Dale Amy
October 4, 2010

Peter Faull's '68 Mustang GT "Green Hornet" tribute Does the concept of a fully Shelby-ized '68 Mustang coupe powered by a fuel-injected Cobra Jet FE sound vaguely familiar? When Peter Faull stumbled across a solid '68 390 GT coupe for sale back in 2000, he originally planned a stock restoration, but then got to thinking about the Green Hornet.

We refer not to the schmaltzy half-hour '60s series that starred a masked Van Williams and Bruce Lee, but rather to the one-off engineering exercise crafted by Shelby Automotive in the spring of 1968. Shelby's metallic-green "EXP 500" coupe, nicknamed the Green Hornet, combined a formal hardtop body style with full GT350/GT500-style exterior accoutrements.
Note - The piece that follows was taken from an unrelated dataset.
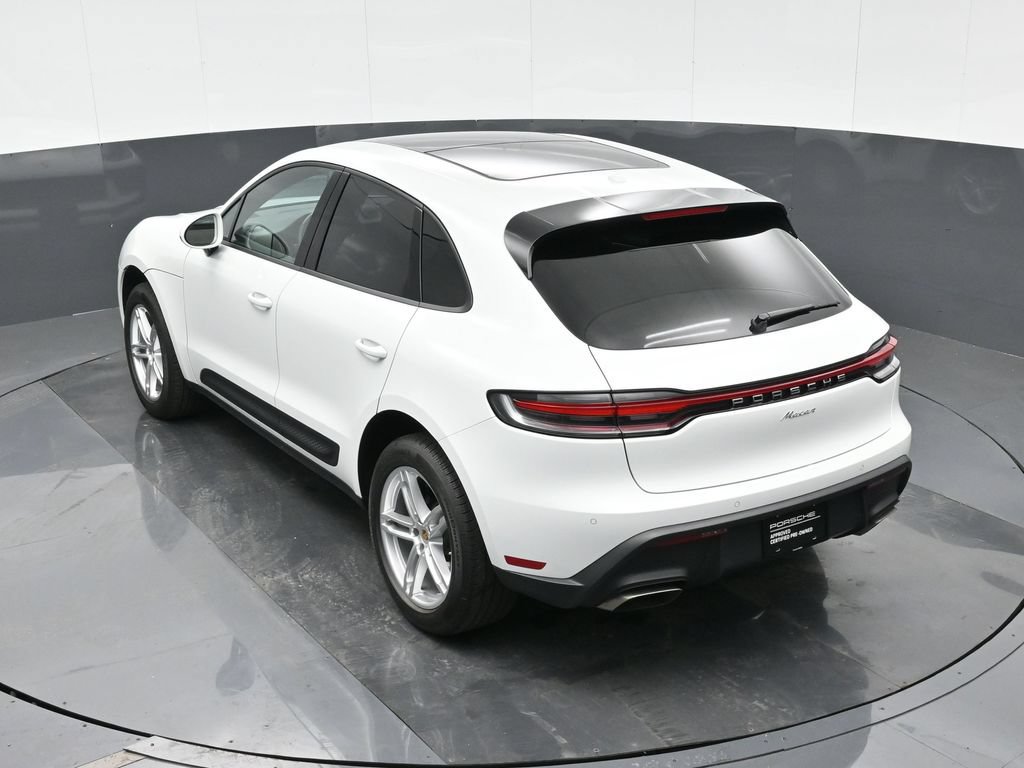 Certified 2025 Porsche Macan AWD/4WD image 28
This singular sedan also wore a disc brake-equipped independent rear suspension setup bolted to a production Mustang's leaf-spring mounting points, and had a transplanted 428CJ underhood, plumbed with a prototype electronic fuel-injection system. Inspirational stuff, right? Peter thought so too, and started planning a project that turned into what we like to think of as Yellow Jacket-Son of Green Hornet. Blame us, not Peter, for that moniker.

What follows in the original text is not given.